Ich nenne es unser Mycel, wie das Wurzelgeflecht bei Pilzen, das untergründig gedeiht. Rund 5 000 junge Filmemacher aller Disziplinen haben seit 2002 an den Berlinale Talents teilgenommen. Diese 5000 aus 15 Jahren bilden längst ein eigenes Netzwerk und kommen gern wieder. Diesmal laufen 93 Filme, an denen ehemalige Teilnehmer mitwirken. Und der World Cinema Fund fördert Projekte aus Regionen, die eine schwache filmische Infrastruktur haben und daher wenig Chancen auf Realisierung hätten. Dadurch entstehen auch neue Verbindungen zu Filmkulturen. Alain Gomis’ Wettbewerbsfilm „Félicité“ von Alain Gomis etwa wurde so unterstützt.

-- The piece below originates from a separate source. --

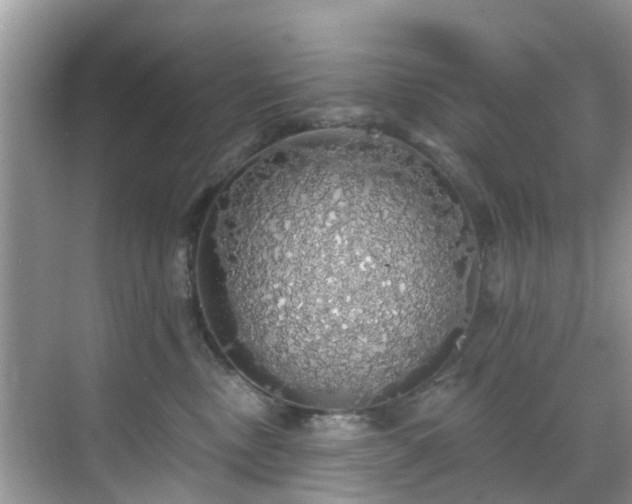 X0000068840378200605081245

... zur Zukunft am Potsdamer Platz?
Der Musicalpalast steht jetzt übers Jahr leer, der Vertrag der Stageholding geht bis 2022. Unser Mietvertrag, auch fürs Büro, läuft nur bis Ende 2018. Wir brauchen 4000 Quadratmeter Bürofläche, möglichst zusammenhängend, wir sind eine große Firma. Wir verhandeln, dass wir bis 2022 zu erschwinglichen Mieten bleiben können. Parallel müssen wir mögliche Alternativen ins Auge fassen: Zum Beispiel ein neues Gebäude neben dem Gropius-Bau, wo jetzt der Parkplatz ist. Dort stand bis zum Krieg das Völkerkundemuseum, da ist die Berlinale doch der legitime, lebendige Nachfolger! Auch Kulturstaatsministerin Monika Grütters hält es für einen interessanten Gedanken: ein großes Filmhaus für Berlin, mit Festivalkino, Filmhochschule, Kinemathek, Arsenal, ein Ort, den man übers ganze Jahr als eine Art Filmschule fürs Publikum bespielen könnte. Partizipation, ein audiovisuelles Humboldt-Forum, da kommen einem tausend Ideen. Mein Vertrag läuft jetzt bis 2019, aber da wäre ich gern noch dabei.